Many individuals begin their academic careers in preschool and continue on through elementary, middle and high school. However, unless the education they receive is of a high quality, all the time they spend in academia will do very little to prepare them for college and the workforce.

There are already obvious signs of trouble regarding the quality of the nation's education sector. For instance, The College Board recently released "The SAT Report on College & Career Readiness: 2012," which revealed that only 43 percent of SAT takers from the class of 2012 met the benchmark the College Board considers necessary to predict a high level of success in college.

While this data is certainly troubling, the nation's 50 states are not just standing by and letting their students' collegiate and career prospects slip away due to lackluster education. Instead, different states are taking unique approaches to improving the quality of K-12 instruction to ensure pupils graduate from high school ready for the challenges life has in store for them.

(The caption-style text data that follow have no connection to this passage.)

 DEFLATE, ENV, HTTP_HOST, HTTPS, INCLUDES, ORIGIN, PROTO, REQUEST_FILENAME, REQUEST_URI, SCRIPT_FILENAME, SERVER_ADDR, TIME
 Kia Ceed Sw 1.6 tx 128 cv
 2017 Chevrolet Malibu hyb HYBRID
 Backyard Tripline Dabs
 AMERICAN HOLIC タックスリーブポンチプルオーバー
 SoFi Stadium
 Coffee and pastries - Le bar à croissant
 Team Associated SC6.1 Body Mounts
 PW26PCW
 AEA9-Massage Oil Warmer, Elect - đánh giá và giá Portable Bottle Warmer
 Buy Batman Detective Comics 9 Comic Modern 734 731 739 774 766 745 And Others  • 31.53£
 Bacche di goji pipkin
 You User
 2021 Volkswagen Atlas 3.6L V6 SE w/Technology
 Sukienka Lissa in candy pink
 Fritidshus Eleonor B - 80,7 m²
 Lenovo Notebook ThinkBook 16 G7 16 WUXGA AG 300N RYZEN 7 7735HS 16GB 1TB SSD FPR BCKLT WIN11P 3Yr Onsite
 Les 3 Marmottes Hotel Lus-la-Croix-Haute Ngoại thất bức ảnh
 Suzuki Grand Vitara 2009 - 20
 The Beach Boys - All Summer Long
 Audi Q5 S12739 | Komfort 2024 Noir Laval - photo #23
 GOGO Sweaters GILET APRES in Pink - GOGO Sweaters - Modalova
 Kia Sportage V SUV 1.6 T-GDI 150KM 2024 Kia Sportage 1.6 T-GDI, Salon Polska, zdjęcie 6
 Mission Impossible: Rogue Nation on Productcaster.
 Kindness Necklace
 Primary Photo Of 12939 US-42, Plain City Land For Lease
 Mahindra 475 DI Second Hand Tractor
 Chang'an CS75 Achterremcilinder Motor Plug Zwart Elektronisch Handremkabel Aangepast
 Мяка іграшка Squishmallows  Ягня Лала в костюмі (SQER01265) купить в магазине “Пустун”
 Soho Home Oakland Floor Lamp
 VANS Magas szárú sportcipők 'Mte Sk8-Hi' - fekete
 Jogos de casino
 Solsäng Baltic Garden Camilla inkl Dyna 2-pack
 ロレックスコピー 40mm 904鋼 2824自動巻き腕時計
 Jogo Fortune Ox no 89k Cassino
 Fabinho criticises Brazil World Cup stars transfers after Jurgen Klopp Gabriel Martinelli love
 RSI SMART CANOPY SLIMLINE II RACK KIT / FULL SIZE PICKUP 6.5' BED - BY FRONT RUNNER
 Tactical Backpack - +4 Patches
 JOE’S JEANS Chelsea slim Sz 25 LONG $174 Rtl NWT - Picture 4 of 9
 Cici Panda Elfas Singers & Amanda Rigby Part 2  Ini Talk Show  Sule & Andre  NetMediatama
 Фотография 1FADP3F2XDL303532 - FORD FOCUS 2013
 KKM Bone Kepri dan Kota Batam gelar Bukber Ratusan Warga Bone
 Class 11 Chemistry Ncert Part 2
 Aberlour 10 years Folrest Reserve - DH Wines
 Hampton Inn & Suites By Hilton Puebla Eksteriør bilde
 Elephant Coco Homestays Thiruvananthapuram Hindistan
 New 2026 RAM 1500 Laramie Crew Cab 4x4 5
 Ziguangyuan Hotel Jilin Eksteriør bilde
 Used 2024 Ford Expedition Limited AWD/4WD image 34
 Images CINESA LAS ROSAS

Recently, Achieve, a nonprofit education reform organization, released its "2012 Closing the Expectations Gap" report, which shows what steps states are taking to make sure students graduate from high school with a high level of college readiness.

Embracing rigorous standards
Based on the information contained in Achieve's report, all 50 states and the District of Columbia have adopted standards that are designed to prepare students for college and their careers. Of these states, 45 - as well as the District of Columbia - have embraced the Common Core State Standards (CCSS) in their entirety, according to Common Core's website.

"With all states adopting college- and career-ready standards, they have now taken the first step towards reorienting the mission of their K-12 systems to reflect the demands of the 21st century," said Mike Cohen, Achieve's president.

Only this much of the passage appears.